**EXERCISE INSTRUCTIONS:** Repeat the listing below in full and exactly. Pictures are to be omitted.

**COLLECTED DATA:**
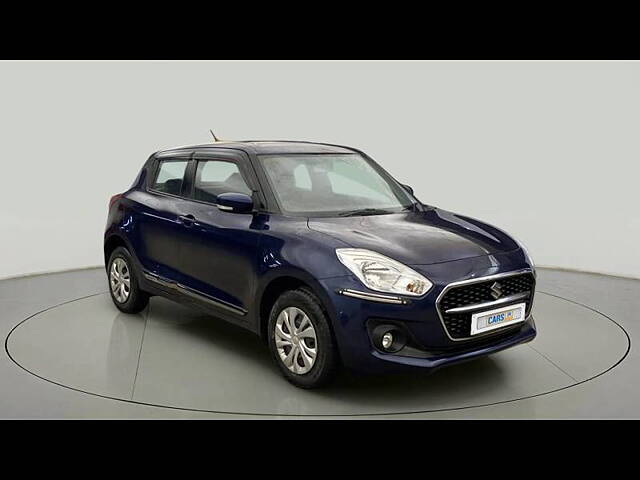 Used 2021 Maruti Suzuki Swift in Delhi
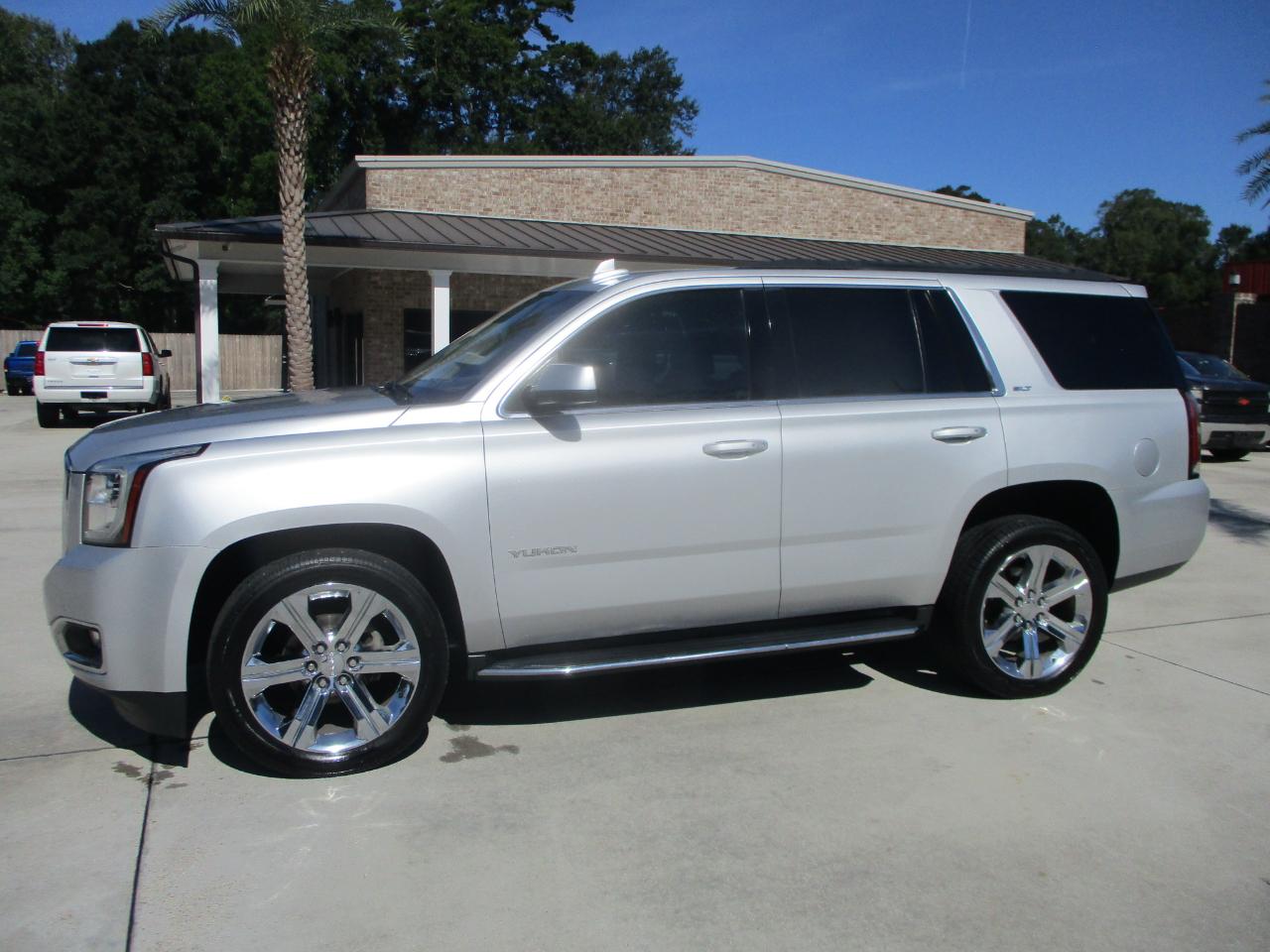 GMC Yukon 2WD 4dr SLT 2017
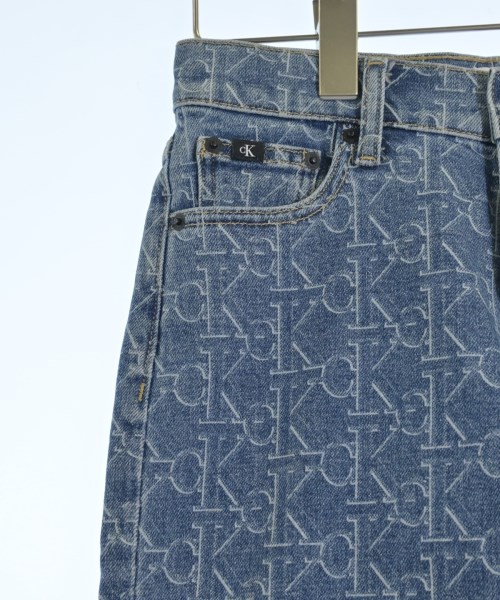 Calvin Klein Jeans（カルバンクラインジーンズ）デニムパンツ 青 サイズ:25(S位) レディース/2200729500050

**OUTPUT FOR THIS EXERCISE:**
 Used 2021 Maruti Suzuki Swift in Delhi
 GMC Yukon 2WD 4dr SLT 2017
 Calvin Klein Jeans（カルバンクラインジーンズ）デニムパンツ 青 サイズ:25(S位) レディース/2200729500050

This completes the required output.